PROBLEM:
Ignoring every picture, return the lines of the listing below word for word, from the line that holds "Tamaulipas y otros" through the line that holds "armrest height-increasing mat".

SUPPLIED DATA:
-=-=-

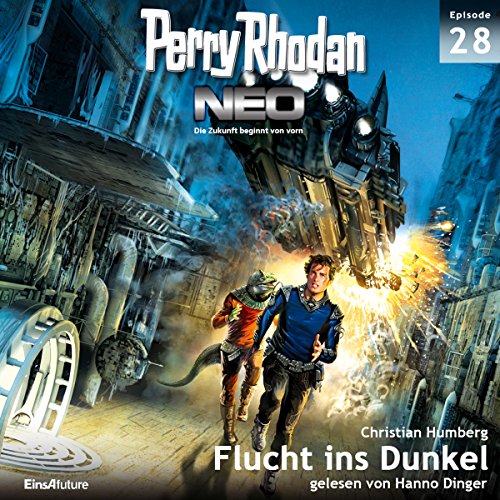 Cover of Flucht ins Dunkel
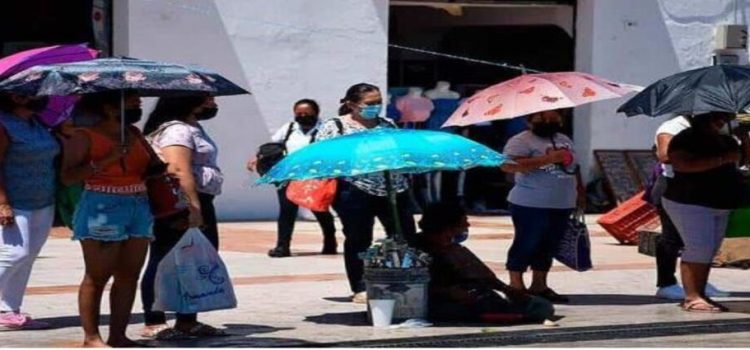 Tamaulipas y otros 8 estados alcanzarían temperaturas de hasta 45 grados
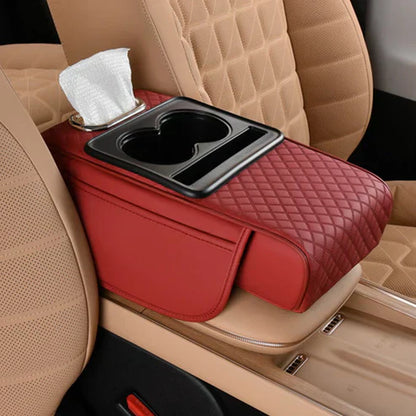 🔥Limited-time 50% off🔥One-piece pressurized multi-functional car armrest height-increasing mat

-=-=-

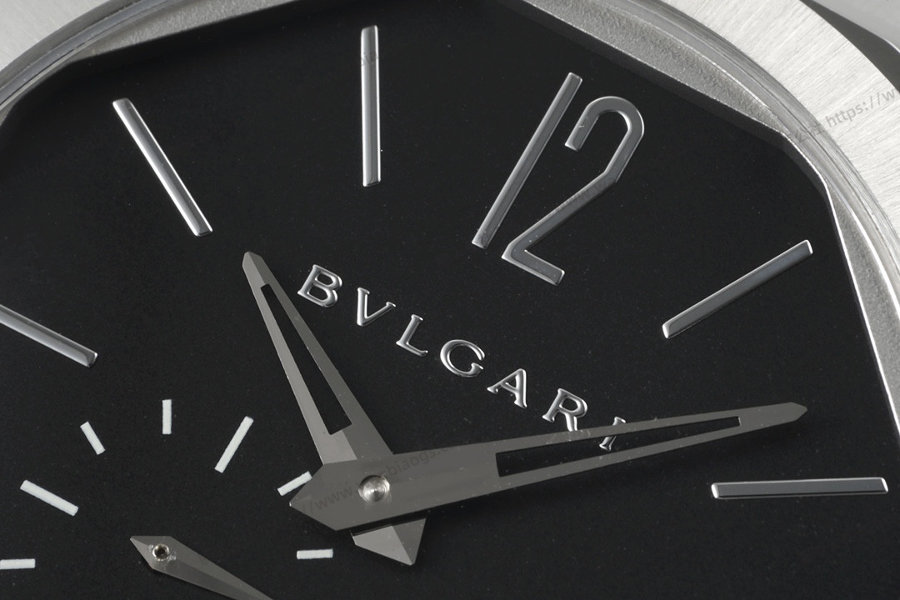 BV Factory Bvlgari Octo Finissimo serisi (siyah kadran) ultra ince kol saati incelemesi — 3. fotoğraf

-=-=-

ANSWER FOR THIS EXERCISE:
 Tamaulipas y otros 8 estados alcanzarían temperaturas de hasta 45 grados
 🔥Limited-time 50% off🔥One-piece pressurized multi-functional car armrest height-increasing mat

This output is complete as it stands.